Kahele’s own enrollment goal exceeds the goal outlined in UH-Hilo’s current enrollment plan, which targets 3,830 students to be enrolled by 2020. Kahele previously called that goal “disappointing” and said it didn’t go far enough.
This year’s enrollment decline was largely among continuing students, which decreased from 2,384 on Aug. 22, 2016, to 2,227 last week.
Kahele said many of the continuing students who did not return were out-of-state, first-time freshmen. He said about 25 percent of first-time freshmen systemwide do not return for their sophomore year. UH-Hilo did not have campus-specific data available by press time Thursday.
Kahele floated several ideas during the meeting, including starting a community mentoring program that would pair local families with new, nonresident students.
“We know that students who come from the mainland, if we don’t touch them or don’t connect them to Hawaii, they’re not going to come back,” he said.
Kahele said he also plans to visit Hilo high schools this fall to help recruit students and wants more island students to fill out financial aid applications. He said only a small fraction of public school graduates enroll at UH-Hilo.

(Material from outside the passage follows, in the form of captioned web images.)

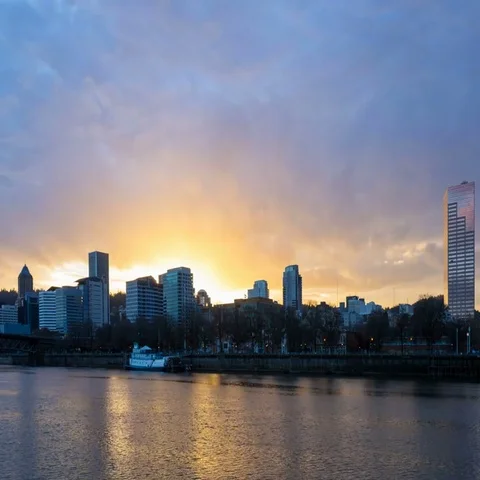 Time lapse of clouds along Willamette River waterfront in Portland OR at sunset 스톡 동영상 69543609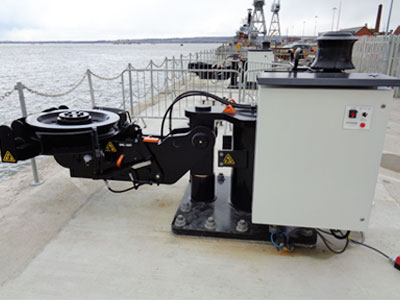 https://htcrane.com/mirror-assets/wp-content/uploads/2021/06/25-ton-Marine-Quick-Release-Hooks.jpg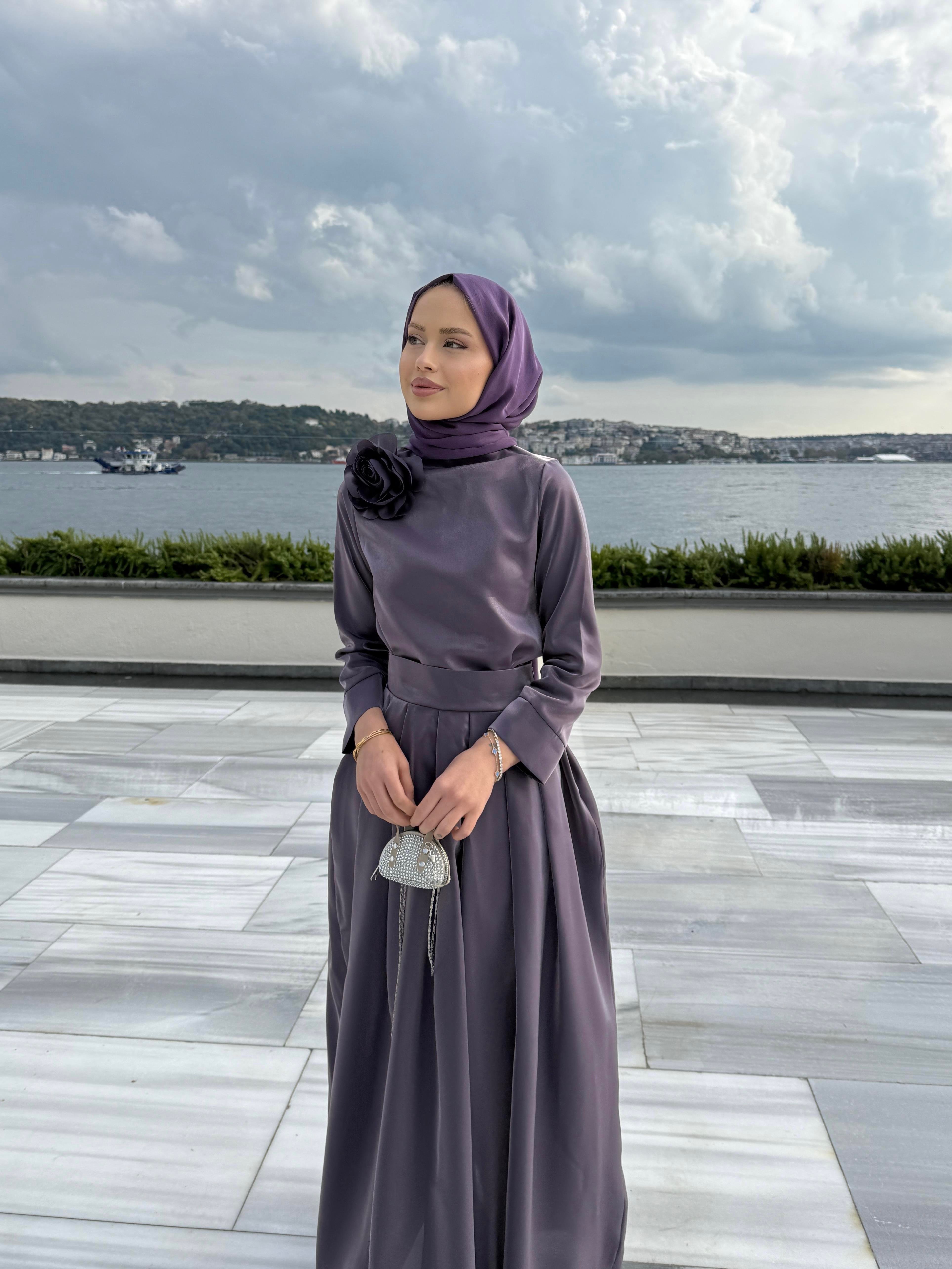 Mor Rengi Işıltı Takım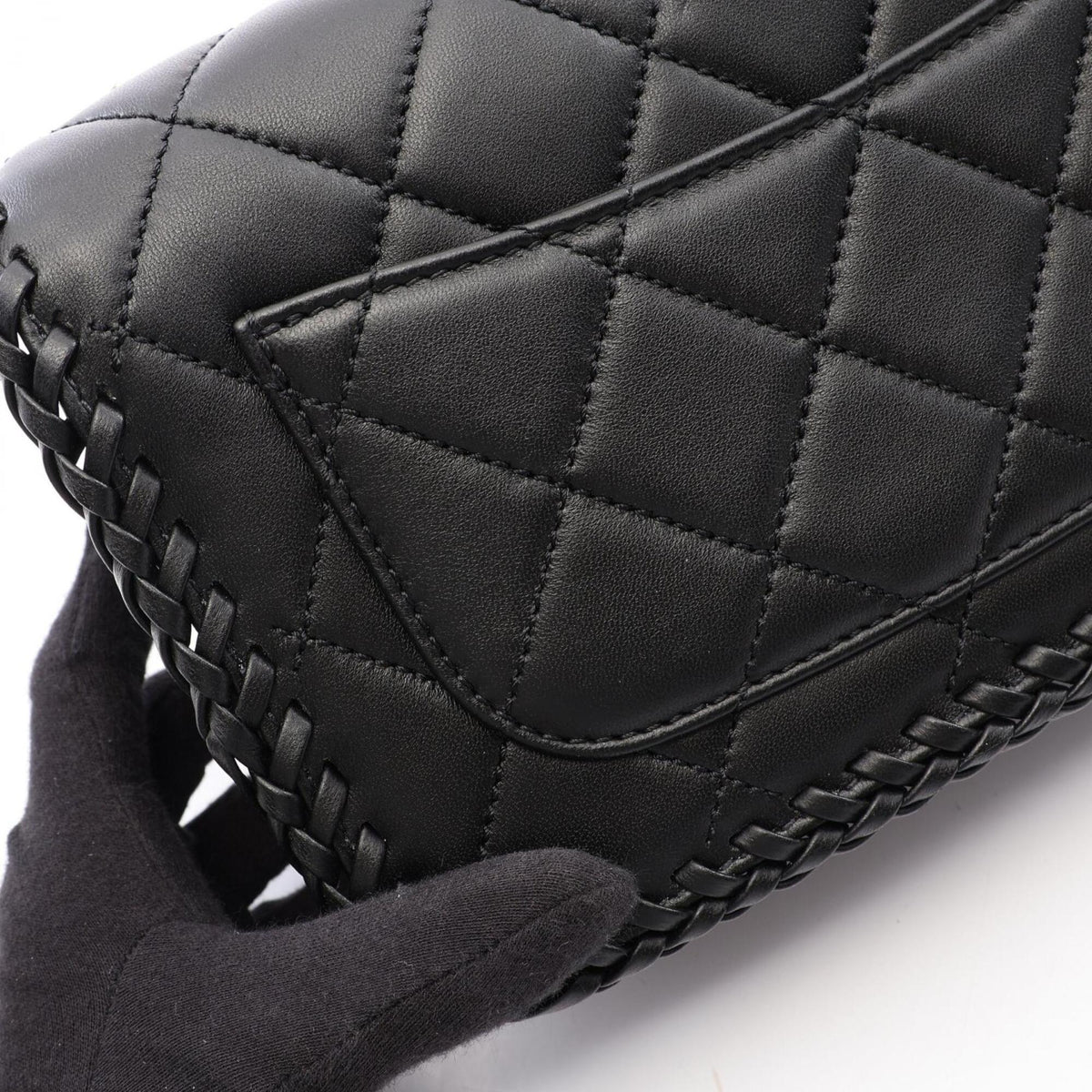 Chanel Black Leather Shoulder Bag (Pre-Owned)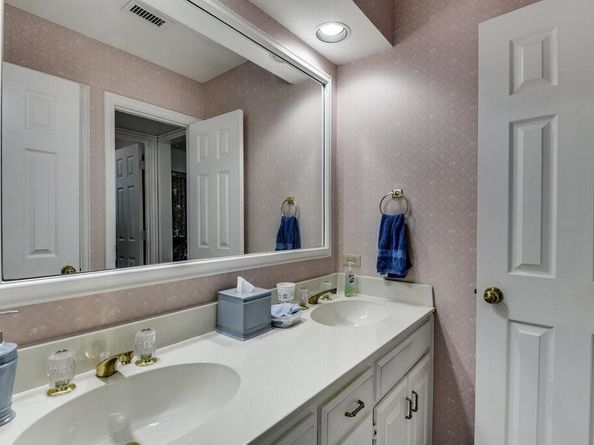 4901  Hidden Oaks Lane , Arlington Texas 76017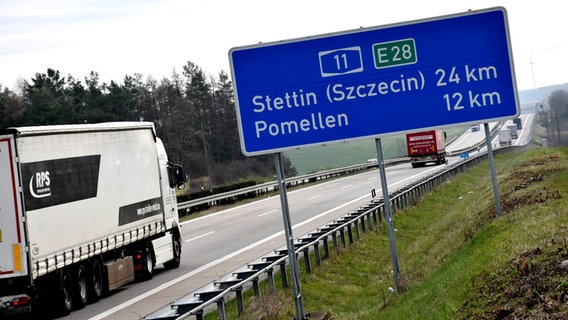 Lkw auf der Autobahn 11 rollen über die polnische Grenze in Richtung Stettin. © ndr.de Foto: Christopher Niemann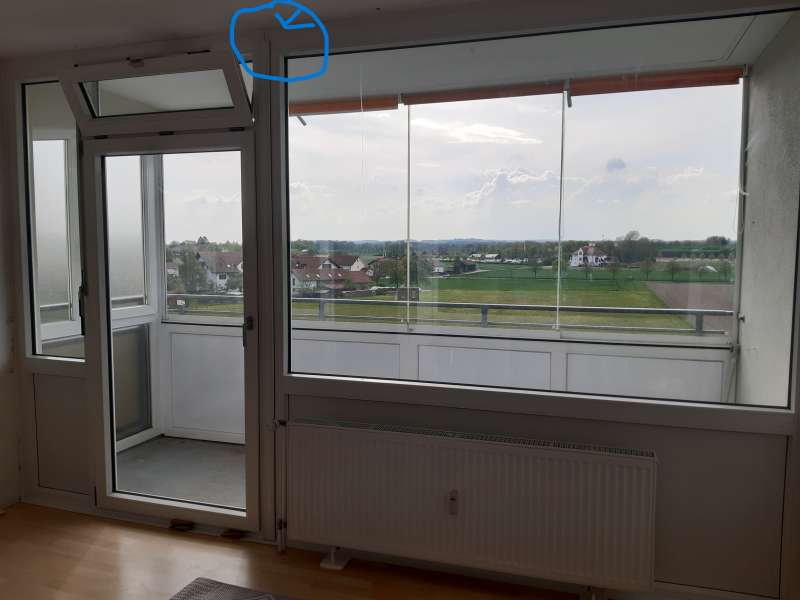 BAU.DE / Forum: 1. Bild zu Frage "muß die statische Kopplung boden- und deckenbündig eingebaut werden?" im Forum "Fenster und Außentüren"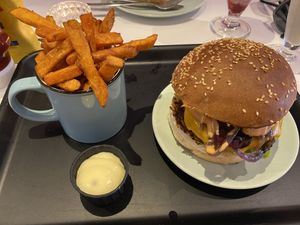 Sweet potato fries and the BBQ Cheeseburger at Deer Mama in Amsterdam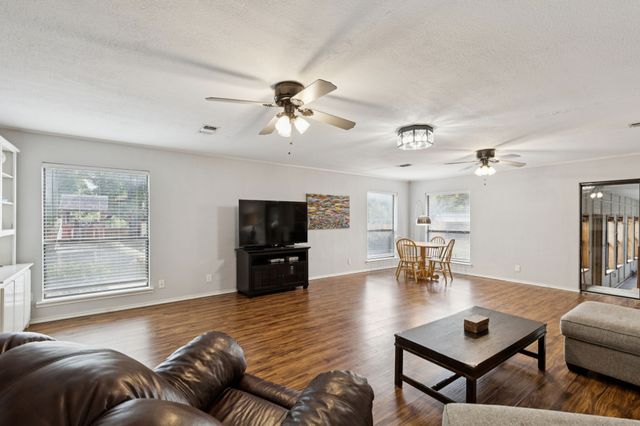 4712 Blaney Avenue, North Richland Hills, TX 76180
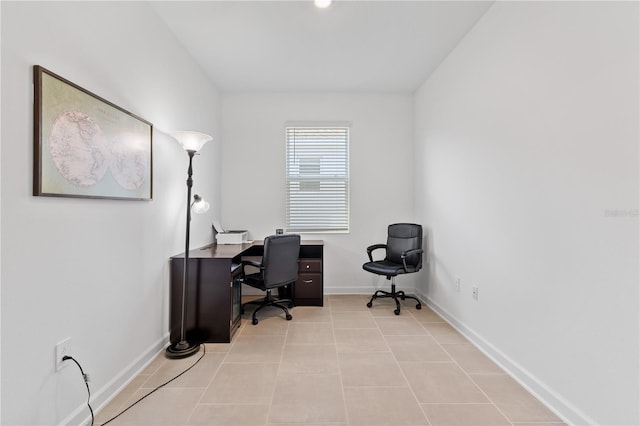 3123 Camden Way, Davenport, FL 33837 - office space with baseboards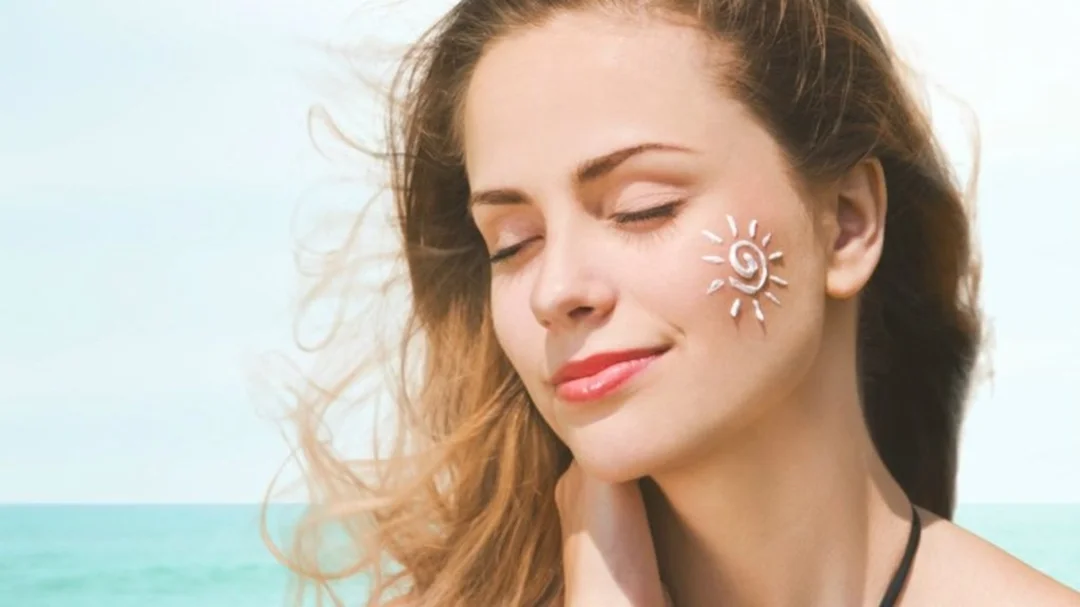 cách chăm sóc da mặt hằng ngày với kem chống nắng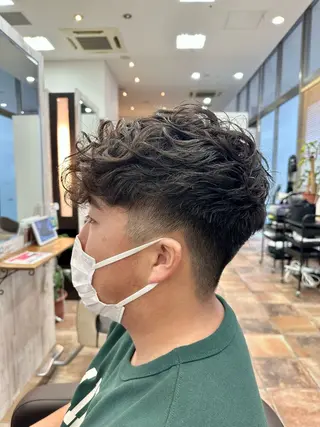 ショート パーマ メンズ 翠川 靖のヘアスタイル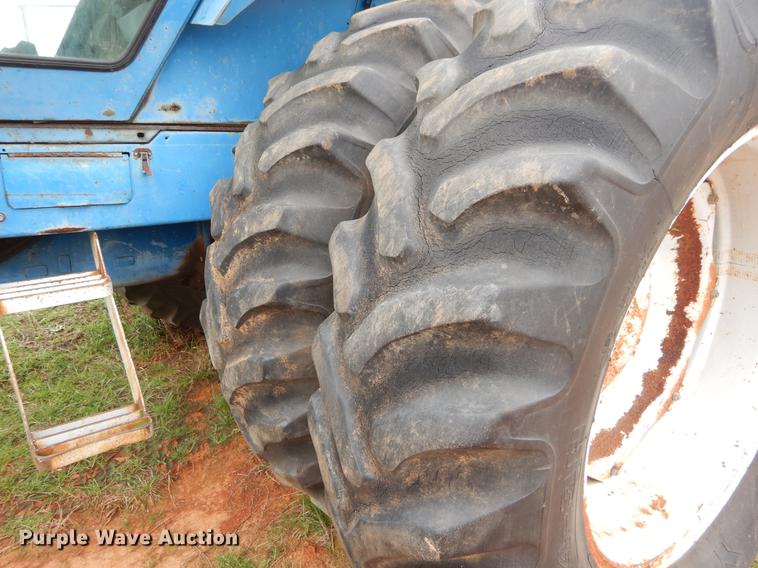 image for item DC0210 Ford 9600 tractor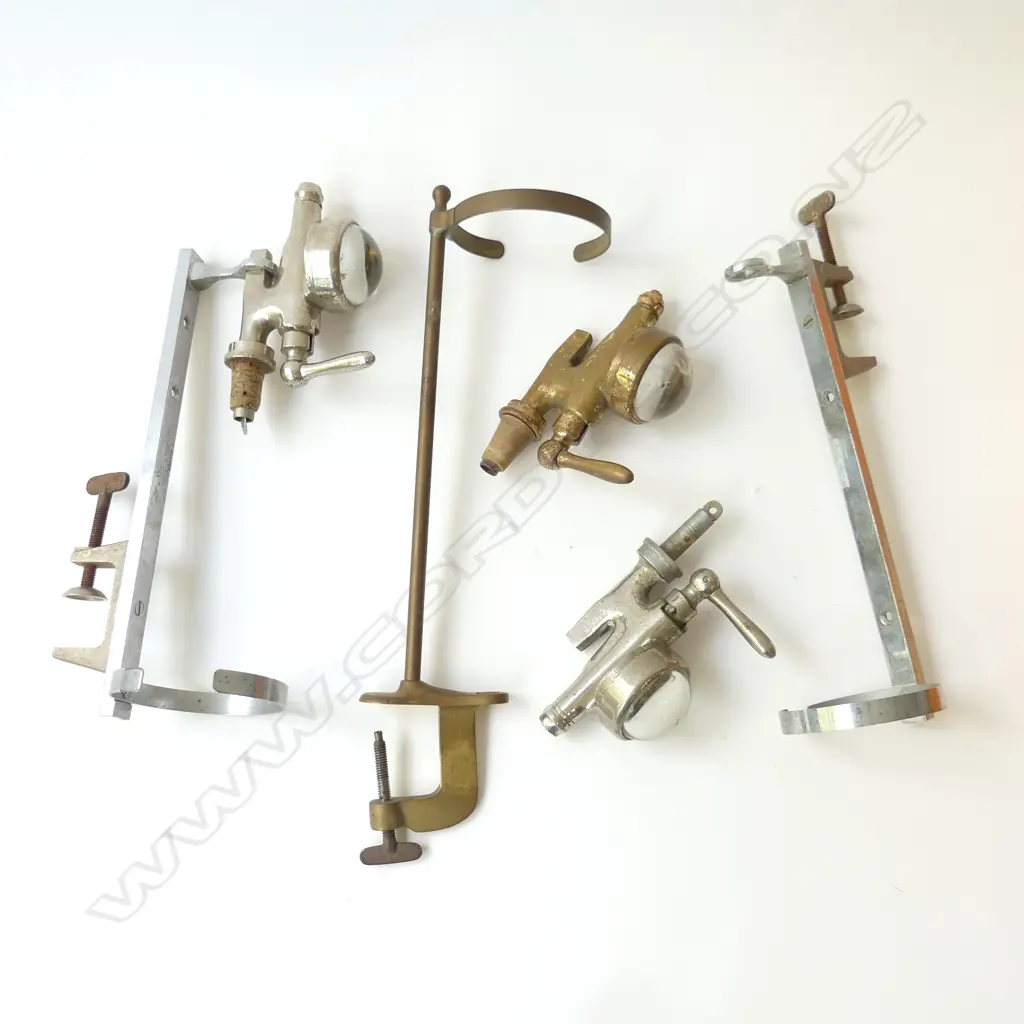 THREE VINTAGE SPIRITS DISPENSERS WITH STANDS IN CHROME & BRASS Image 1++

“We have Waiakea High School right across the street,” Kahele said. “ … We’re not even getting 10 percent of those students. This is where we need to start.”
His ideas garnered some nods, though some also expressed concerns. An attendee who identified herself as a nontraditional Hawaii Community College student questioned efforts she said seemed geared heavily toward out-of-state students.
“What about our own students?” she asked. “We need to clean up our own back yard before we go clean up someone else’s.”
UH-Hilo Director of Admissions Zachary Street added many resident students purposely attend college elsewhere to experience something new.
“I think we have to accept that’s an option for many students but (we need to) make sure we’re an affordable and enticing option … for those who are going to come,” Street said. “ … We should never want a student going somewhere else because they didn’t know about us or couldn’t afford it or we didn’t have the right programs.”
The meeting kicked off Kahele’s statewide higher education tour, during which he said he plans to visit all campuses in the UH system. Kahele said he’ll visit HCC and UH-Hilo on Oct. 11. He said he’ll visit the North Hawaii Education and Research Center and HCC’s Palamnui campus Oct. 12.